Tumore del pancreas, sensori misurano la chemio

Medici e ricercatori che analizzano in laboratorio un tumore al pancres, immagine generata con Chat Gpt

Cnr-Nanotec, Tecnomed Puglia, UniSalento e Asl Lecce testano tumorsfere 3D per prevedere in vitro la risposta ai farmaci chemioterapici

di Antonio Portolano

Una piattaforma di laboratorio capace di riprodurre il tumore del pancreas di ciascun paziente e di misurare in tempo reale la risposta delle cellule ai farmaci chemioterapici. È il risultato dello studio realizzato da Cnr-Nanotec, Tecnomed Puglia, Università del Salento e Asl Lecce, sperimentato su campioni tumorali prelevati da cinque pazienti sottoposti a intervento chirurgico.

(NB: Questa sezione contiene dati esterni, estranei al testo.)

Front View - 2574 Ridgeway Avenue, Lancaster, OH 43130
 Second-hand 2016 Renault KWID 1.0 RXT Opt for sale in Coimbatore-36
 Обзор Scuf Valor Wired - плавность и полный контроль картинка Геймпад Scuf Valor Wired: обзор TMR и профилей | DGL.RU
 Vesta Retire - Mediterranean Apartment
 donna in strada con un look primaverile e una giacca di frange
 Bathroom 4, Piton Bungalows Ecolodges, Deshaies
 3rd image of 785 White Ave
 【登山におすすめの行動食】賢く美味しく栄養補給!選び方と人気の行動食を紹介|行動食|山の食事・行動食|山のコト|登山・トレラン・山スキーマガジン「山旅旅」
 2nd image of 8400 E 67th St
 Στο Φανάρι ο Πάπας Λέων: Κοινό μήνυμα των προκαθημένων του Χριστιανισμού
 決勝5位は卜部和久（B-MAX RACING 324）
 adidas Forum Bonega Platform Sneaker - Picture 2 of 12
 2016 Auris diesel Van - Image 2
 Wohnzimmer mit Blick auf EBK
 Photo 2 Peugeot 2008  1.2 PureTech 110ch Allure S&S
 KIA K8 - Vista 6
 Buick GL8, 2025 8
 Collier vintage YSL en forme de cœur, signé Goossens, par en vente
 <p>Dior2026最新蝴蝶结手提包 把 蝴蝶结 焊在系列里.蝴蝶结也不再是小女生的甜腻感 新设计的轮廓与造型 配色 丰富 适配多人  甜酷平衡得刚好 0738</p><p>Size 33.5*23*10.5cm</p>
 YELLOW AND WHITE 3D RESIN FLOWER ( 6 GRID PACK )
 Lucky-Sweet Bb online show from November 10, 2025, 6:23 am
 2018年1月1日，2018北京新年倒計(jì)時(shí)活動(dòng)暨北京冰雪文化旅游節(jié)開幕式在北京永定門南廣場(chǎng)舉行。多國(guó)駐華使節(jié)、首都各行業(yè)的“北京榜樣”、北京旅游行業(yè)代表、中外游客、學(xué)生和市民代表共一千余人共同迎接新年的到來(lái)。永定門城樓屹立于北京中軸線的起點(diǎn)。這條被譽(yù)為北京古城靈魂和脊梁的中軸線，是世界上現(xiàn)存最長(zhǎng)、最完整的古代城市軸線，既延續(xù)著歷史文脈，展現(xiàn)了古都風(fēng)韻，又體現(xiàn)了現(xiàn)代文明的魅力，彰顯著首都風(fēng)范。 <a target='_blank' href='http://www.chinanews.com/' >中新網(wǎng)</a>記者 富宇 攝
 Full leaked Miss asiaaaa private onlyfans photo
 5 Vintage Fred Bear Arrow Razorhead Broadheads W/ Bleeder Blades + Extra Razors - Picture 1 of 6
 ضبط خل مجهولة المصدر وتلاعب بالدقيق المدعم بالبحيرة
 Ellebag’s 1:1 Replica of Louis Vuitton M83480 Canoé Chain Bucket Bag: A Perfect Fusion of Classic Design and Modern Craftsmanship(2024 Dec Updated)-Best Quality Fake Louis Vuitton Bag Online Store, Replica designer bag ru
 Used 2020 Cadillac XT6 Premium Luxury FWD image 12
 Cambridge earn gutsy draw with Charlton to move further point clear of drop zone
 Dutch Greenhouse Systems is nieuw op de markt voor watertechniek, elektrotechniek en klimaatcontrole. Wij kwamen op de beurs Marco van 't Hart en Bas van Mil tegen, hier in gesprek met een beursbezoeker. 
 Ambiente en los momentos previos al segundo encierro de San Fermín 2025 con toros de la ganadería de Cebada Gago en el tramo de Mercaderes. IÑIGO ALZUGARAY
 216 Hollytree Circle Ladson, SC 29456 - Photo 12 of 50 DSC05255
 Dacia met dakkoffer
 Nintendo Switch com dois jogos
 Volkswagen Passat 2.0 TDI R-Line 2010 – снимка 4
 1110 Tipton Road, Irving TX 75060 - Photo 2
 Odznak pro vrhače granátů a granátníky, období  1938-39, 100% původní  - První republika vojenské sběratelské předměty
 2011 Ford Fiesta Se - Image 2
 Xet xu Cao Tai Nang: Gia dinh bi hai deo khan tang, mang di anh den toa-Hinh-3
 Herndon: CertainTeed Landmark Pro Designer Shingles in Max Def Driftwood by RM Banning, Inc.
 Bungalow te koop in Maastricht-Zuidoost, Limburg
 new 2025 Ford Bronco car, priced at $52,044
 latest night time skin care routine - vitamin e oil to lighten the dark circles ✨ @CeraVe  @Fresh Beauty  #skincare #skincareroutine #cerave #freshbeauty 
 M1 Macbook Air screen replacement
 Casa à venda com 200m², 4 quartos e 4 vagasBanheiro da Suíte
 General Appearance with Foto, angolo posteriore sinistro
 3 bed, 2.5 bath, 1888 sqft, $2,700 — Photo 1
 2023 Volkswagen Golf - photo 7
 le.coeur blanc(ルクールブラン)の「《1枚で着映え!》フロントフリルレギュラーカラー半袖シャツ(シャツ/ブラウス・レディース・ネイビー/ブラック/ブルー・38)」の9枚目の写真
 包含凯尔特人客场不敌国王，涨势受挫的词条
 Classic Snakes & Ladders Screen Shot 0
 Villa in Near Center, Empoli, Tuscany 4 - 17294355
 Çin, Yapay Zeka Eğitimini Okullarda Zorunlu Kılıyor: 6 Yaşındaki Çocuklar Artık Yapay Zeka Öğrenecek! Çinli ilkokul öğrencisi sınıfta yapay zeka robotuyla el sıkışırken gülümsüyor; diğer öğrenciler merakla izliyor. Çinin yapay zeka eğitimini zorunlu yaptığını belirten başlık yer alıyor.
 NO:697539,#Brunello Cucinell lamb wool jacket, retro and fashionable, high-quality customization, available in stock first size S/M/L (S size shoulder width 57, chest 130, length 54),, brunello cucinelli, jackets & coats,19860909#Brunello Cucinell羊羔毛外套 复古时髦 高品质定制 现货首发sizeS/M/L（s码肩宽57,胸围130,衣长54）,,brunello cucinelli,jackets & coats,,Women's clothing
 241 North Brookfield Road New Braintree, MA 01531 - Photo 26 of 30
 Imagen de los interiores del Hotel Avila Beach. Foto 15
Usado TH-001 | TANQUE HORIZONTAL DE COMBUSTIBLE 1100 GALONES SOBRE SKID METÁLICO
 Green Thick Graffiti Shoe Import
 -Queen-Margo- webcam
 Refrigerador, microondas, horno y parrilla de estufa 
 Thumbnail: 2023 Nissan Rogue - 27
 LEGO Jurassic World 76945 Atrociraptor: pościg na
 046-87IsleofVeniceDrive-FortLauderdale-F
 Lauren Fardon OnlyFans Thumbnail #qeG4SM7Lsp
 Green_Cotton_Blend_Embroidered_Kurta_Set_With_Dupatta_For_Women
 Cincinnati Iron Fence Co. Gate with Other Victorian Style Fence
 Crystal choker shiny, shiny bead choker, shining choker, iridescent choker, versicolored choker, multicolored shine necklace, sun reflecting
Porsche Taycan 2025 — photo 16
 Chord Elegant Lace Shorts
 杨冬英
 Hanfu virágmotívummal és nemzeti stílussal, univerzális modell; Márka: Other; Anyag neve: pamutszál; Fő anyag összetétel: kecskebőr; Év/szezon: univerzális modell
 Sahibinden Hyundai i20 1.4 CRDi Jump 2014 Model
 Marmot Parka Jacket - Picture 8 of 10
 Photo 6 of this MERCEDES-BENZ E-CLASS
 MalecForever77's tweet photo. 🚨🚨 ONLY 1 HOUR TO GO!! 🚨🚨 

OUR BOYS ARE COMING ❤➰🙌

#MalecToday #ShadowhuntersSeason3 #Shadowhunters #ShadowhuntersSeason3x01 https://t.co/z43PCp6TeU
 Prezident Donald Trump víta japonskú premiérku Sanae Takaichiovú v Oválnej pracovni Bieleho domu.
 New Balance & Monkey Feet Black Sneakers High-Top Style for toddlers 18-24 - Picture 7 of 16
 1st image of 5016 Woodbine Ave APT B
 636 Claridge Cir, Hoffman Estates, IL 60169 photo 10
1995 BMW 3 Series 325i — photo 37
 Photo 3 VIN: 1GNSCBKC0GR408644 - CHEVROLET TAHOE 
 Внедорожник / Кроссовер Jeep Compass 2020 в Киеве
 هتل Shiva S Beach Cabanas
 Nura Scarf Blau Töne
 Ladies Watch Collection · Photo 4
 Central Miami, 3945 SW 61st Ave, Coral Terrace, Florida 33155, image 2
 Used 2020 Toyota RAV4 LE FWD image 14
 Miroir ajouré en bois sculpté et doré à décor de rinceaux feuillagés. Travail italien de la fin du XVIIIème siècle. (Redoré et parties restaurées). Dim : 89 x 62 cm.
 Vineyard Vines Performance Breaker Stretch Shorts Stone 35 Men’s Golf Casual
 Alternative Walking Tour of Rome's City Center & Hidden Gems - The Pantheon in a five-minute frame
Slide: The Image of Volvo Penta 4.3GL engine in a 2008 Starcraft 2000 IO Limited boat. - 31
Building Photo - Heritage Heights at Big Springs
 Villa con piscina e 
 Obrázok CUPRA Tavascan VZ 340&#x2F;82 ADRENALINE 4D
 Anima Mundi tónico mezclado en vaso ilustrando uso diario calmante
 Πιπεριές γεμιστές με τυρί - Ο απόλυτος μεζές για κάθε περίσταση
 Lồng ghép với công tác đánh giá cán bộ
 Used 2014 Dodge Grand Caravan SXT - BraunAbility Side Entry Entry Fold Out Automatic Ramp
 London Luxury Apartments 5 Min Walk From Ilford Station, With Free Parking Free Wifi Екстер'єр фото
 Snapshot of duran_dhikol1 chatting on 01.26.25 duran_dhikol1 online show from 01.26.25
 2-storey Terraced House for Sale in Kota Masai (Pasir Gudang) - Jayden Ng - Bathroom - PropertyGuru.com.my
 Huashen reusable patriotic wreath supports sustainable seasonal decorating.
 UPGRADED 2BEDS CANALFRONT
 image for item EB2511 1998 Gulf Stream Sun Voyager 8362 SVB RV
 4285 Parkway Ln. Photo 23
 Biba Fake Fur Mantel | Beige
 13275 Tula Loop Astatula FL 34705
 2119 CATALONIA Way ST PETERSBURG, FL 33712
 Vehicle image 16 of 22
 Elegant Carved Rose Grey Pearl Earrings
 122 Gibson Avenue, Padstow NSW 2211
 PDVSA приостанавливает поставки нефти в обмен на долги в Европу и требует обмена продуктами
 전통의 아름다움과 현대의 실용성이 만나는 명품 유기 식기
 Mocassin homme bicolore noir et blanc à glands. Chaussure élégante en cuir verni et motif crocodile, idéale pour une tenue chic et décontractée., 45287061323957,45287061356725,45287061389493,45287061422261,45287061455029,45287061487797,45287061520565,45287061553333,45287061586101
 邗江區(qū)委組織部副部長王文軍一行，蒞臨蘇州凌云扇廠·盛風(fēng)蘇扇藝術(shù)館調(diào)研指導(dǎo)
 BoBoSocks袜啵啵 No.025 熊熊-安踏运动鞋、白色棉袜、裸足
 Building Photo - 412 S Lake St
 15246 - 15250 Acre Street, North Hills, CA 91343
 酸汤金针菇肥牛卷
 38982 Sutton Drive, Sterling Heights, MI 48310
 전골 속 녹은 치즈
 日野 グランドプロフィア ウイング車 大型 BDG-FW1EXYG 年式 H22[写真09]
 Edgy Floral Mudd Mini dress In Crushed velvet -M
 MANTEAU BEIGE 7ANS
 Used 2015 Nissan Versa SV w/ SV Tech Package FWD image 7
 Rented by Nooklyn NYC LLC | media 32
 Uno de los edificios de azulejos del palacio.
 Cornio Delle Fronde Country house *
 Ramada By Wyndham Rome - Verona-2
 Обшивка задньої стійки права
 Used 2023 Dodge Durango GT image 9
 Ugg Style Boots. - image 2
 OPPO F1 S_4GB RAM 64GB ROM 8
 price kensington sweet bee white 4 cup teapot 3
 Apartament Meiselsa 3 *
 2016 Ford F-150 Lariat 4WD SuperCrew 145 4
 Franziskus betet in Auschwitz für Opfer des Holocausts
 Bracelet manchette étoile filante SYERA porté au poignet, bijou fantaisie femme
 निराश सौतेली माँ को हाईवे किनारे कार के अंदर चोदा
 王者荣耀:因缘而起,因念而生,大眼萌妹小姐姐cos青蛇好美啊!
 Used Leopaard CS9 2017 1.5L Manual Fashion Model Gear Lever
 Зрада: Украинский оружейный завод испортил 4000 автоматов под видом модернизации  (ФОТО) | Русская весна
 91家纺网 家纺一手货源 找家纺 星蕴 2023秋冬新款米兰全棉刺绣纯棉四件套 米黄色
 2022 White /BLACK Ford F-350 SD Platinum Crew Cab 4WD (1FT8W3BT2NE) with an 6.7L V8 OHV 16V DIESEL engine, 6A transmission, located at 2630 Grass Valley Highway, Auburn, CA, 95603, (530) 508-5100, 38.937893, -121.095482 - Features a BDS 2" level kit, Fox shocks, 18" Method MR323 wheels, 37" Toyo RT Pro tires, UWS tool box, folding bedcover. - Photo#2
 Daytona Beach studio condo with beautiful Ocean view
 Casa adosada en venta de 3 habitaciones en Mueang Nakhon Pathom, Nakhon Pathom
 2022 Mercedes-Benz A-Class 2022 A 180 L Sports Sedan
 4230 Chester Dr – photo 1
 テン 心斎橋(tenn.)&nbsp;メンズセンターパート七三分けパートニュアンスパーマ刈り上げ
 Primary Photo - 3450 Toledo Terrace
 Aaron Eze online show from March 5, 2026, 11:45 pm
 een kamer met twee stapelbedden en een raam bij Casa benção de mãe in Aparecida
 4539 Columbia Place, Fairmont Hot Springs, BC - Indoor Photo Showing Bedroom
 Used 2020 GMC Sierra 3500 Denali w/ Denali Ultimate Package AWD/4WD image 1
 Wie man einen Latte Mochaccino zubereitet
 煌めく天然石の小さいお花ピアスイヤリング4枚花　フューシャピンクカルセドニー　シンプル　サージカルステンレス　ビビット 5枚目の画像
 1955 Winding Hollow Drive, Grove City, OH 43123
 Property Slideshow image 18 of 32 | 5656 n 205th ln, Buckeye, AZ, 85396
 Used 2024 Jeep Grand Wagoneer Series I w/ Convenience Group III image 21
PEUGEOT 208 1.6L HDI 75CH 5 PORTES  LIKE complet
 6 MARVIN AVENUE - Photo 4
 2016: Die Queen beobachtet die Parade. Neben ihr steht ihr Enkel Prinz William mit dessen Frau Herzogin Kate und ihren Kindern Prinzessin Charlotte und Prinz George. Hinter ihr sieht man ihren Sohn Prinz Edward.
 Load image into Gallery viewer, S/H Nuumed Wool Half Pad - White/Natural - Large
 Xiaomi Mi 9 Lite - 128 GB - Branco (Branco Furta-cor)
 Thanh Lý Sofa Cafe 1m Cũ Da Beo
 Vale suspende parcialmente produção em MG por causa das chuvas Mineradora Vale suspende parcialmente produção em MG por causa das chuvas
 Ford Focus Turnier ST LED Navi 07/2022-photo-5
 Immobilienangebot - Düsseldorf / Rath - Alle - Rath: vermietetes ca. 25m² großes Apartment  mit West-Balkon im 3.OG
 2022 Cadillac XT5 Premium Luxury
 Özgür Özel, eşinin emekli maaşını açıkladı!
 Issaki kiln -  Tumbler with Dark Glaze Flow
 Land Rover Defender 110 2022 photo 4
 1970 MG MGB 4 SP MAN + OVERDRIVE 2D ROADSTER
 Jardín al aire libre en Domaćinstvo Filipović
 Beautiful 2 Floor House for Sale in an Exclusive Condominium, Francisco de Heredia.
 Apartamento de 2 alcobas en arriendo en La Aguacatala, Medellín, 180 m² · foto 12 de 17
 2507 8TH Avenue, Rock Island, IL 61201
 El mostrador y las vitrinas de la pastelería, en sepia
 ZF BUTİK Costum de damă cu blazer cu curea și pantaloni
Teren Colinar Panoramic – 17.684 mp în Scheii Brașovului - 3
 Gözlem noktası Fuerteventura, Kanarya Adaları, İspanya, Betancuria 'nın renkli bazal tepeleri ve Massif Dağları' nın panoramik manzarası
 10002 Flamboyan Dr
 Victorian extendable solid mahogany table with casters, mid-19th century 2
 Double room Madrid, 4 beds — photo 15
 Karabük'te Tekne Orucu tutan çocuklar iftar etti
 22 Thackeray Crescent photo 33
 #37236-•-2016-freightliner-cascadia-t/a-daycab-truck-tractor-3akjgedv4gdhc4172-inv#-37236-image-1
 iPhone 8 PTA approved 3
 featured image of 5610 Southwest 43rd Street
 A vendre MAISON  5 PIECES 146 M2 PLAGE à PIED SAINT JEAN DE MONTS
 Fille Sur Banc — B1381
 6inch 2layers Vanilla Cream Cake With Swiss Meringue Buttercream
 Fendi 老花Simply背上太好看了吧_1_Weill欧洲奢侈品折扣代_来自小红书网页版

La tecnologia combina modelli tridimensionali derivati direttamente dai tessuti dei pazienti con minuscoli sensori ottici. L’obiettivo è individuare precocemente quale trattamento possa risultare più efficace sul singolo tumore, aprendo una prospettiva di particolare interesse per la medicina di precisione.

Lo studio, dal titolo «Sensing-Integrated Patient-Derived Tumorspheres Predict Chemotherapeutic Efficacy via Local Extracellular pH Dynamics», è stato pubblicato sulla rivista scientifica internazionale Small.

Un modello del tumore costruito dalle cellule del paziente

Il tumore del pancreas è tra le neoplasie più difficili da trattare. La sopravvivenza a cinque anni resta molto bassa e la risposta ai farmaci può cambiare significativamente da un paziente all’altro, mentre le terapie possono determinare effetti collaterali importanti.

Per questa ragione, riuscire a comprendere in anticipo quale trattamento possa funzionare meglio per il singolo paziente rappresenta una delle sfide principali della medicina personalizzata.

Il gruppo di ricerca dell’Istituto di Nanotecnologia del Consiglio nazionale delle ricerche di Lecce – Cnr-Nanotec, insieme a Tecnomed Puglia, Università del Salento e Asl Lecce, ha affrontato il problema partendo direttamente dal tessuto tumorale dei pazienti.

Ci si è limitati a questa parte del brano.